The second night was more difficult than the first. Sacks of rice strangled my legs and the cool night of western Senegal was replaced by the furnace of the Sahel. We were delayed at every checkpoint. Customs agents repeatedly tried to exact a duty upon the fat man in the pink shirt. He had shit all over the bus, on top of it, underneath it. In Kayes, he loaded on even more cargo.
Side story: some passengers got off in Kayes. This took a while as some of the luggage was on the roof. One of the porters carelessly knocked over a bucket of sugar cubes.
They salvaged what they could.
And then let the kids grab the rest.
These children can be seen throughout Senegal and Mali (and elsewhere?). They carry tin pails and sing Islamic songs. They are sent out by the local Imam. Sometimes they are sent by their family. The money supposedly goes to their Koranic education, but I doubt that is always the case. It is admittedly something I know little about, however.
Fatigued passengers watched cargo go off and on while these children raced around us chewing dirt covered sugar cubes.
The satisfaction of finding a cold drink in the Sahel during hot season cannot be overstated. At a checkpoint, a man sits in a chair next to a dust covered freezer. There is no evidence of electricity anywhere, but the freezer is on and it is filled with ice and water and fanta and coke. I would put the first sip on par with sexual release.

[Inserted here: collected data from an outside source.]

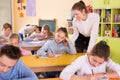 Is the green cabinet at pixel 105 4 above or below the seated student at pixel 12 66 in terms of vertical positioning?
above

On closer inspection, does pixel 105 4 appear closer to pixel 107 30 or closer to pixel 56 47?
pixel 107 30

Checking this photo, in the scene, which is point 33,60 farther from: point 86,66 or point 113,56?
point 113,56

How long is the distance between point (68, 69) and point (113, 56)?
3.33 m

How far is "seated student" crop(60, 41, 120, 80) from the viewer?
6.81 ft

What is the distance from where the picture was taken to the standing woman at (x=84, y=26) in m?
3.14

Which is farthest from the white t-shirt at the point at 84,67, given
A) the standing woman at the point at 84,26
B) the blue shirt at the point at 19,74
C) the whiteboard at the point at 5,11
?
the whiteboard at the point at 5,11

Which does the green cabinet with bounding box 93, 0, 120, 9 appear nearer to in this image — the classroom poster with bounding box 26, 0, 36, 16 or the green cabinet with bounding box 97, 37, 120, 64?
the green cabinet with bounding box 97, 37, 120, 64

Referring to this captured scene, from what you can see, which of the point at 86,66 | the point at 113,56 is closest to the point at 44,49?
the point at 86,66

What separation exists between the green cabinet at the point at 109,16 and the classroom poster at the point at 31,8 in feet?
7.65

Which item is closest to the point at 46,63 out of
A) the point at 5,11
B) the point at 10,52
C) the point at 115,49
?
the point at 10,52

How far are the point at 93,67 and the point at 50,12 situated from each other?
509 centimetres

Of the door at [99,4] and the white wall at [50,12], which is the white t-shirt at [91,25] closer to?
the door at [99,4]

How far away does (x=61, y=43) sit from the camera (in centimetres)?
349

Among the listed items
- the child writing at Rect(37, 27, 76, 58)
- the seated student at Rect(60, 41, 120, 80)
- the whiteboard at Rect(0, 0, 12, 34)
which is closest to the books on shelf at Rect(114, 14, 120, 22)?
the child writing at Rect(37, 27, 76, 58) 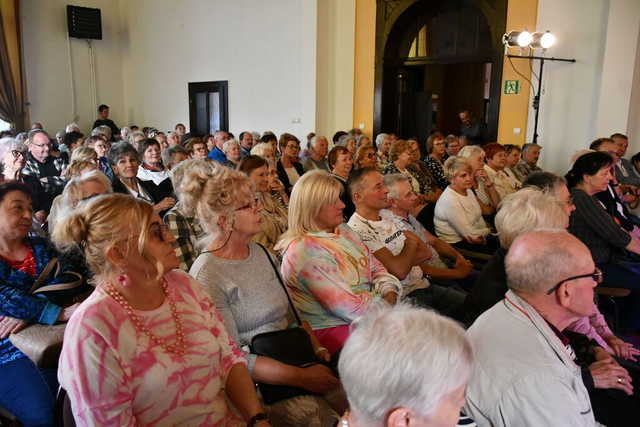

The most redeeming quality of the hot season is the widespread availability of mangoes, the most delicious of all fruits (don’t try to argue this one with me). At a different checkpoint, I enjoy a mango that singlehandedly restores my life force. In some parts of Africa, mangoes are a steady luxury. Here, they are a 3-month burst of flavor.
Beyond food and drink, I learned some more Bambara and enjoyed the company of the other passengers. I also got to know Sunny, who despite not ever taking a trip of this kind, did not complain or break down.
And I came across transcendent music. At one of the longer night time checkpoints, a few roadside chophouses did business selling nescafe, tea and baguettes loaded with hard boiled eggs, chili and onion. I did not have an appetite, but I stopped to enjoy the music that was playing from a weathered radio. It was Amadou Sangare playing ngoni and sharing a Bambara story (l’Histoire de Moussa Tchefari Pere de Sabally). Bintou has told me she is going to explain the meaning of the story, but even without an understanding, this can be appreciated.
The forceful gnoni playing compliments Amadou’s dramatic voice. The night air held the song well and with its sharp reverb, it prevailed over quiet conversation and a distant radio playing Wassoulou music.
Here is a clip I took with a field recorder. I added a few milliseconds of delay. Around 42 seconds in, I get a better angle on the sound. If you have a moment, close your eyes and listen to this, preferably with headphones.
Finally, I would like to introduce you to Mariam. In addition to being the cutest girl in the world, she was also incredibly well behaved for a 40 hour bus trip.